三味線の撥の持ち方

三味線の撥ですが、まだ初心者ということもあるのですが、スクイや音の強弱のつけ方が非常に難しいです。これは撥に力が入っているので、スクイの際に糸に撥が強く引っかかってしまったり、常に糸に対して撥が強く能ているので、音にメリハリがつかないとうことが考えられます。私が学んでいるのは、津軽三味線の高橋竹山流なので、繊細で柔らかい音色が最大の特徴となっているので、このことは致命的であると言えます。

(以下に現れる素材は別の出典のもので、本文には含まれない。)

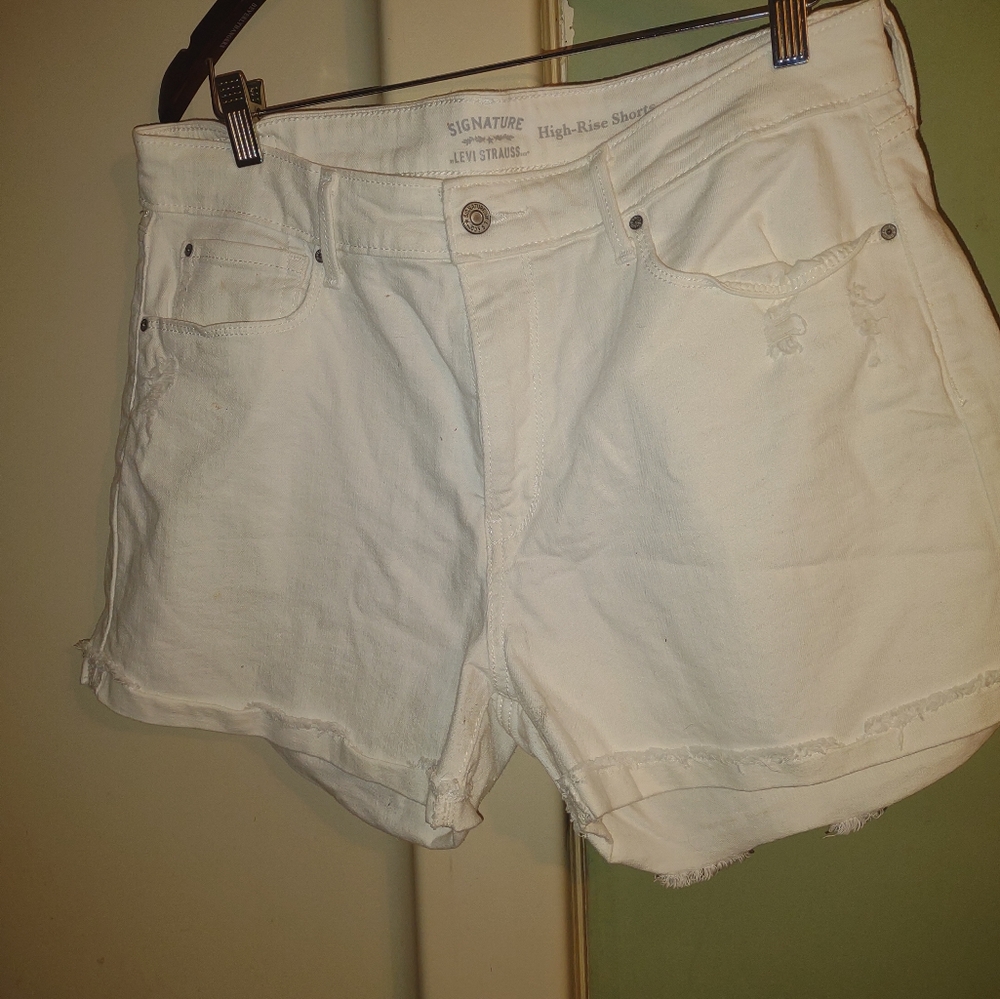 Woman's White High Rise Signature Levi's Strauss size 16 jean‎ shorts - Picture 2 of 3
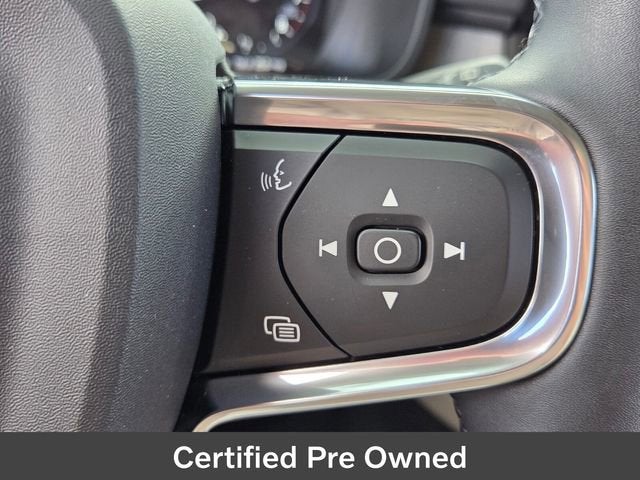 2022 Volvo XC40 Inscription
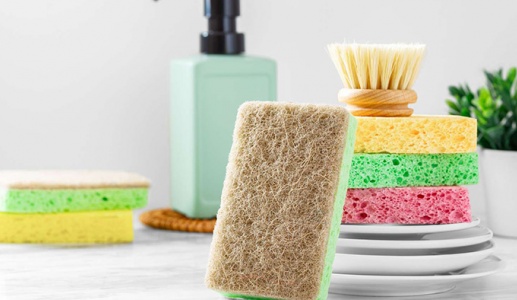 Bạn có đang dùng dụng cụ vệ sinh bát đĩa đúng cách?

最近練習の中で感じたことは、撥の持ち方で力を抜くというのは、「撥の開きに添えた親指の力を抜く」ということです。親指に力が入っていているときに、演奏中に右手が感じるのは、撥の開きをグッと持っている感じであり、意識が撥に集中していまいます。

しかし、親指をほとんど乗せているだけぐらいに軽く添えて引くと、意識が親指が撥の開きに触れている感じから、撥の開きの先端の角が、糸に触れている感覚を感じられるようになりました。このことにより、糸に撥が触れる強さを意識できるようになり、以前よりスクイを軽くすることができたり、音のメリハリをつけられるようになってきたと思います。

また、奄美三味線の撥も同じで、今までトレモロ奏法が苦手だったのですが、親指の力を抜くことにより、細やかな弾き方ができるようになってきました。

剣術でも力を入れずに柄を持てと言われますが、道具や条件が変わったら、やはり力が入ってしまいます。人間の脳はそれほどに応用が難しいものだと思います 。この三味線の撥の持ち方の違いによる意識のあり方の変化は、剣を持つ力を抜くことによって、意識を相手(三味線でいう糸)に集中させるものであることの技術的な共通点を確認することができました。